My husband Steven is average height, about 5’8”, and he weighs about 135 lbs. That in itself is a not problem. In fact, it is actually a good thing because Steven has multiple sclerosis and can no longer walk. Now and then, especially during transfers from toilet to wheelchair, Steven’s legs give out and he ends up on the cold tile floor, caught between the wall and the wheelchair in the confined space of our bathroom which was designed long before the ADA was ever dreamed of. It is in just those moments, after I’ve determined that Steven is in no immediate danger, and I have done my best to at least cushion the bony parts of his body, that I think of Allen.
Somehow, miraculously it seems to me, Allen is usually available when I need his help. Despite a busy travel schedule, he’s at home more often than not when I call.
I’ve come to think of Allen as my white knight who comes over at a moment’s notice and with a few deft strokes manages to pick Steven up and right him in his wheelchair. There’s no way that I can do it by myself. I’ve tried. At 5’1” and 109 lbs., I just don’t have the strength or the leverage. It’s such a comfort knowing that Allen lives across the street and is so willing to literally lend a hand. Everybody, or at least every caregiver, needs an Allen – someone to call on for immediate assistance in times of crisis.
I’m actually very lucky. If Allen isn’t home, or I’m concerned about having called too often, I know I can always turn to Tony who lives next door. Tony isn’t quite as tall as Allen, but he is younger and very strong, and most importantly, always so willing to help at a moment’s notice.
The other day when Steven had a fever of 102 degrees and was so weak he could barely move his fingers, it was Tony who I called at 6:30AM. He came over in an instant, helped me get Steven out of bed and into his wheelchair so we could drive to the emergency room. He also called that night when he got home from work to find out how things were going.
I recall one Sunday afternoon when Steven had slipped out of his wheelchair during a transfer and neither Allen nor Tony was at home. It seemed we were the only ones at home on that lovely sunny Sunday. Bereft of neighbors (or at least those I felt comfortable enough asking), I called the fire department.

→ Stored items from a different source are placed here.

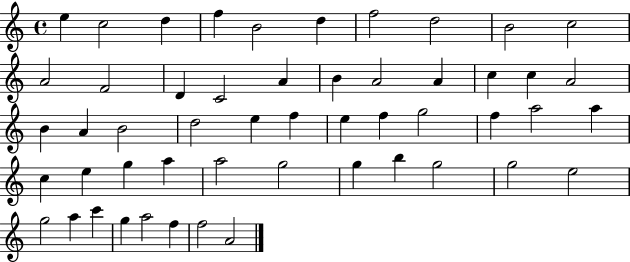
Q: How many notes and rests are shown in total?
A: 52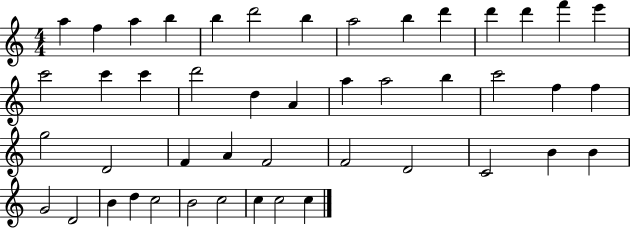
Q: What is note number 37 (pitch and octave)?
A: G4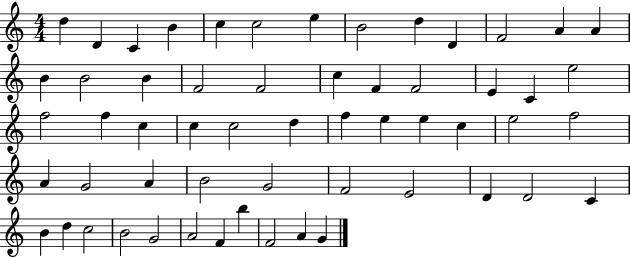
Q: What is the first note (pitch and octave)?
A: D5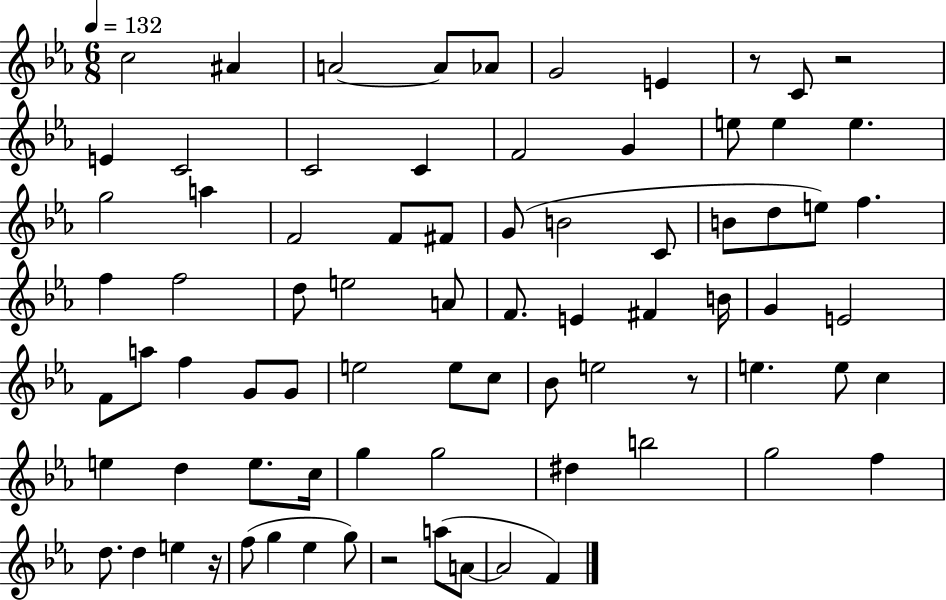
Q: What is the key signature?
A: EES major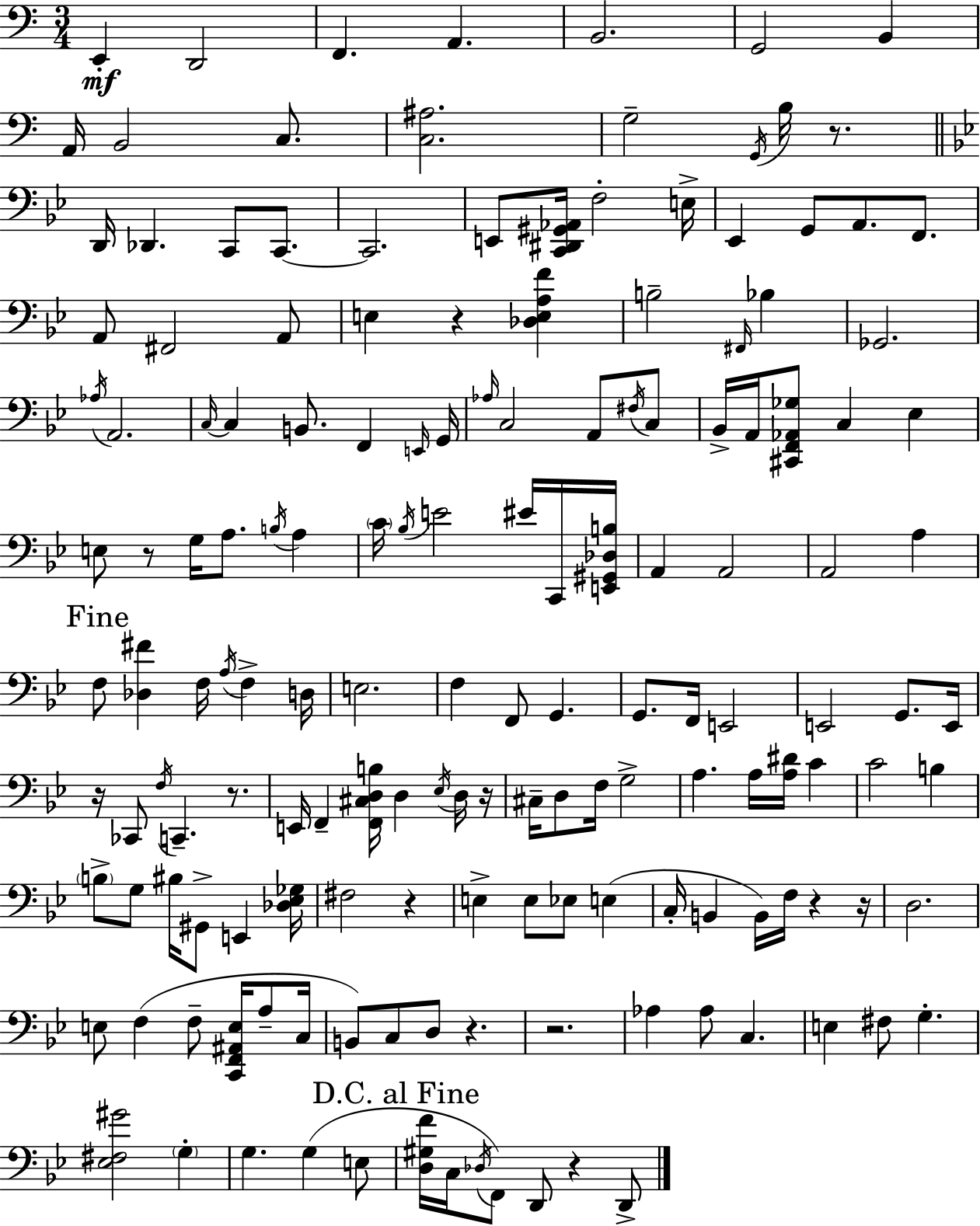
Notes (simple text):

E2/q D2/h F2/q. A2/q. B2/h. G2/h B2/q A2/s B2/h C3/e. [C3,A#3]/h. G3/h G2/s B3/s R/e. D2/s Db2/q. C2/e C2/e. C2/h. E2/e [C2,D#2,G#2,Ab2]/s F3/h E3/s Eb2/q G2/e A2/e. F2/e. A2/e F#2/h A2/e E3/q R/q [Db3,E3,A3,F4]/q B3/h F#2/s Bb3/q Gb2/h. Ab3/s A2/h. C3/s C3/q B2/e. F2/q E2/s G2/s Ab3/s C3/h A2/e F#3/s C3/e Bb2/s A2/s [C#2,F2,Ab2,Gb3]/e C3/q Eb3/q E3/e R/e G3/s A3/e. B3/s A3/q C4/s Bb3/s E4/h EIS4/s C2/s [E2,G#2,Db3,B3]/s A2/q A2/h A2/h A3/q F3/e [Db3,F#4]/q F3/s A3/s F3/q D3/s E3/h. F3/q F2/e G2/q. G2/e. F2/s E2/h E2/h G2/e. E2/s R/s CES2/e F3/s C2/q. R/e. E2/s F2/q [F2,C#3,D3,B3]/s D3/q Eb3/s D3/s R/s C#3/s D3/e F3/s G3/h A3/q. A3/s [A3,D#4]/s C4/q C4/h B3/q B3/e G3/e BIS3/s G#2/e E2/q [Db3,Eb3,Gb3]/s F#3/h R/q E3/q E3/e Eb3/e E3/q C3/s B2/q B2/s F3/s R/q R/s D3/h. E3/e F3/q F3/e [C2,F2,A#2,E3]/s A3/e C3/s B2/e C3/e D3/e R/q. R/h. Ab3/q Ab3/e C3/q. E3/q F#3/e G3/q. [Eb3,F#3,G#4]/h G3/q G3/q. G3/q E3/e [D3,G#3,F4]/s C3/s Db3/s F2/e D2/e R/q D2/e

If people ask them to get cats out of trees, I surmised, they can surely help lift a man off of the floor. Sure enough, three members of the rescue squad showed up within fifteen minutes. “Any time ma’am” they said with a smile.
I’ve become very good at asking for help, in putting necessity first and pride last. I’ve learned that caregiving is more than a one-person job, and that you need to know when something is beyond your capabilities. I’ve learned how absolutely critical it is to make a conscious effort to put a network of support in place, to have people you can call on in an emergency. I’ve also learned it doesn’t just happen. It requires an effort and a breaking down of barriers. You have to let people into your life, to tell your story, to let them see your vulnerability as well as your strength.
We didn’t know that Allen lived across the street when we bought our house, or that Tony would move in next door a few years ago, but as Steven has become increasingly disabled, we have come to realize how critical it is to establish a core group of people that we can rely on. Every caregiver needs an Allen or a Tony. Every caregiver needs a few people to call on who can respond quickly in an emergency. Across the street or next-door is ideal, but even five or ten minutes away can work.
I’ve learned that many people do actually want to help. They need to be asked and then told what kind of help they can actually provide, and once they’ve provided it, they need to be heartily thanked.
We need to let other people into our lives, and perhaps that is the hardest part, to let them see the intimate difficulties with which we deal. But once we do, life isn’t quite so scary anymore, and we don’t feel so alone. For a caregiver, or at least for this one, that is very, very important. My wish for you is this – that you find the courage and the strength to reach out for help and find an Allen or a Tony to respond.